INPUT DATA section start

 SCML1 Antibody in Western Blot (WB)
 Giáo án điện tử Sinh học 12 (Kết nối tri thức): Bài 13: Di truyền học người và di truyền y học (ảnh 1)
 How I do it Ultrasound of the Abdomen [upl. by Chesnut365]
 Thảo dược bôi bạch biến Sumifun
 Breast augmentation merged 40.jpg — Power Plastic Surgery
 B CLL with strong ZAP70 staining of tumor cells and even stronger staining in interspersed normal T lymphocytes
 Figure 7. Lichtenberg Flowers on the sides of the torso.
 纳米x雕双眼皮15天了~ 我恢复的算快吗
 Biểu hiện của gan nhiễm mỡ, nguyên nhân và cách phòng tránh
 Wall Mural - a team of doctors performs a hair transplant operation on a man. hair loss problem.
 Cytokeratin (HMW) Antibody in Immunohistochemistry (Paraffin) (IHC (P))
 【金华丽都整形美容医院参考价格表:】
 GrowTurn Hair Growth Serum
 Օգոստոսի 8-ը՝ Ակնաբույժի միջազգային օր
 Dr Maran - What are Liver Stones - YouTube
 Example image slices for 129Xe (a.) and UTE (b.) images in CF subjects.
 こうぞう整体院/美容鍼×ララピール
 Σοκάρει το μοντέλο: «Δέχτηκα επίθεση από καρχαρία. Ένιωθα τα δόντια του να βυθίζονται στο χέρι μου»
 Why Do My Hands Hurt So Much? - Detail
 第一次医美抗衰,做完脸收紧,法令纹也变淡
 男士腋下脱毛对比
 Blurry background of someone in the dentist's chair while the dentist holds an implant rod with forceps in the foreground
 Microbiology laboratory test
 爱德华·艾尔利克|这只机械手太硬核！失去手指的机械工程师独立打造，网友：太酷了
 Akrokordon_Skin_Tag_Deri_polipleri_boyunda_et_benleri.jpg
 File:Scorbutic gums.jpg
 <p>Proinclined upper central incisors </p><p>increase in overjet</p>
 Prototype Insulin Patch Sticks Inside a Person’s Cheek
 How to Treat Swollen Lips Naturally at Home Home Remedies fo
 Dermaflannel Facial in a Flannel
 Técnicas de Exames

INPUT DATA section end

#### WHAT NEEDS TO BE DONE:
Where the line containing "爱德华·艾尔利克|这只机械手太硬核！失去手指的机械工程师独立打造，网友：太酷了" appears in the records above, begin there and print every line through the last, exactly and with nothing else.

#### SOLUTION FOR THIS TASK:
 爱德华·艾尔利克|这只机械手太硬核！失去手指的机械工程师独立打造，网友：太酷了
 Akrokordon_Skin_Tag_Deri_polipleri_boyunda_et_benleri.jpg
 File:Scorbutic gums.jpg
 <p>Proinclined upper central incisors </p><p>increase in overjet</p>
 Prototype Insulin Patch Sticks Inside a Person’s Cheek
 How to Treat Swollen Lips Naturally at Home Home Remedies fo
 Dermaflannel Facial in a Flannel
 Técnicas de Exames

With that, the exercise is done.